• _Collected material_
Start of Block

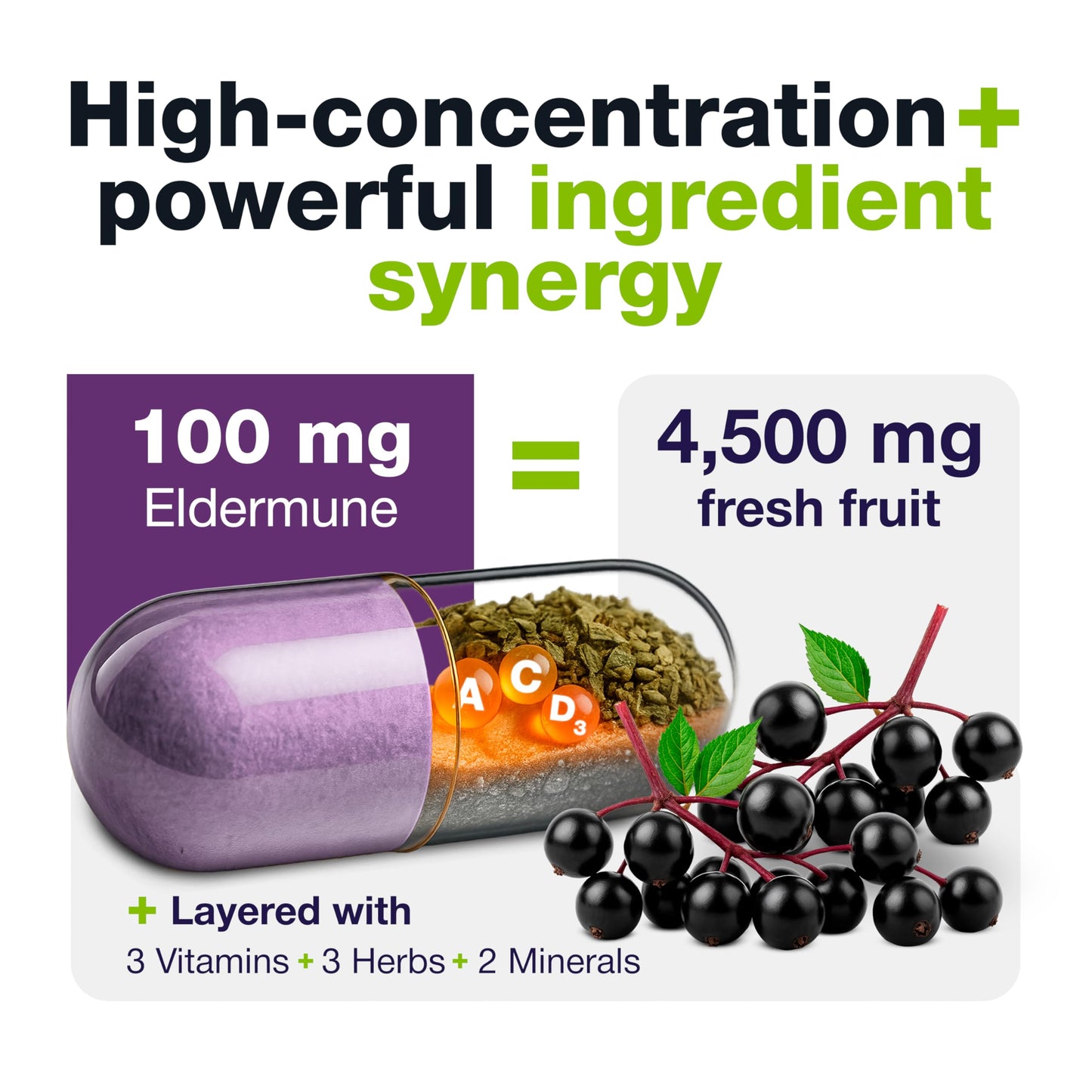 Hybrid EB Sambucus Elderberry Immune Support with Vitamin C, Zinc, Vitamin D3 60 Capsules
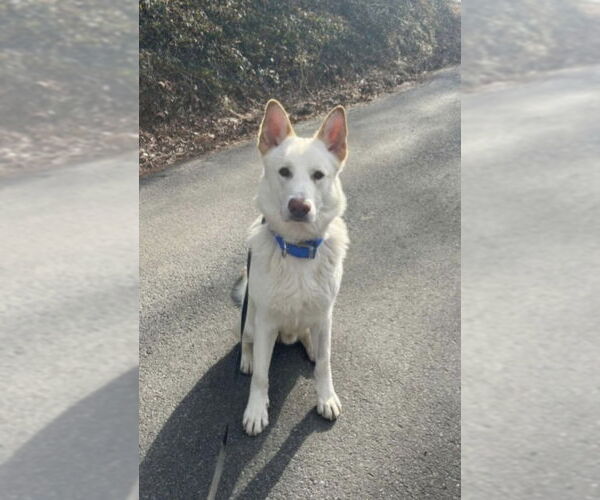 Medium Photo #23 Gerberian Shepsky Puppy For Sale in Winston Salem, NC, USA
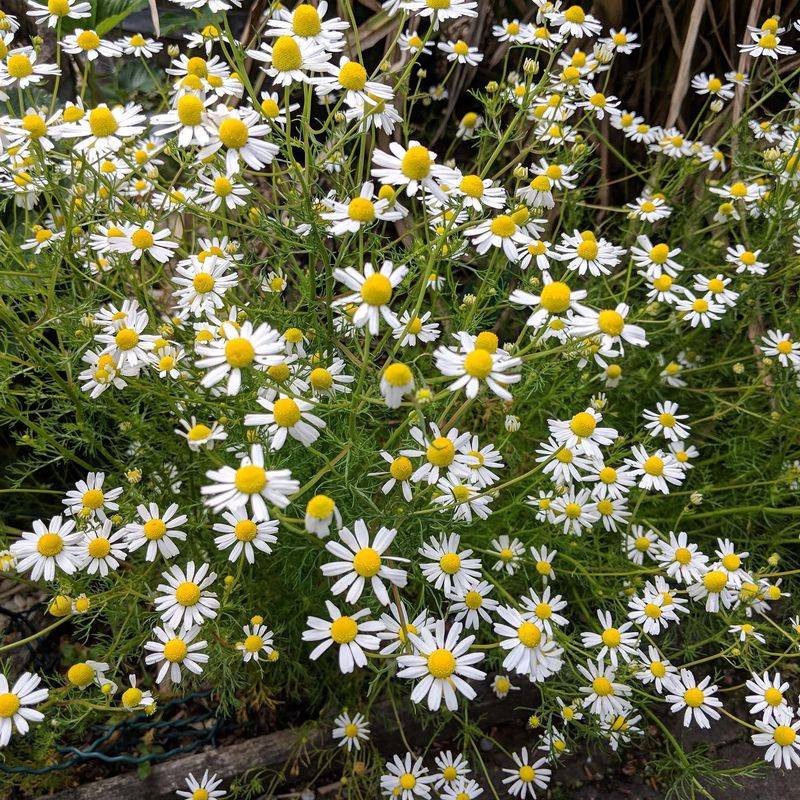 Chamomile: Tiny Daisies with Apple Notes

End of Block

• _Assigned task_
Please reproduce the listing exactly, leaving out any pictures.

• _Response below_
 Hybrid EB Sambucus Elderberry Immune Support with Vitamin C, Zinc, Vitamin D3 60 Capsules
 Medium Photo #23 Gerberian Shepsky Puppy For Sale in Winston Salem, NC, USA
 Chamomile: Tiny Daisies with Apple Notes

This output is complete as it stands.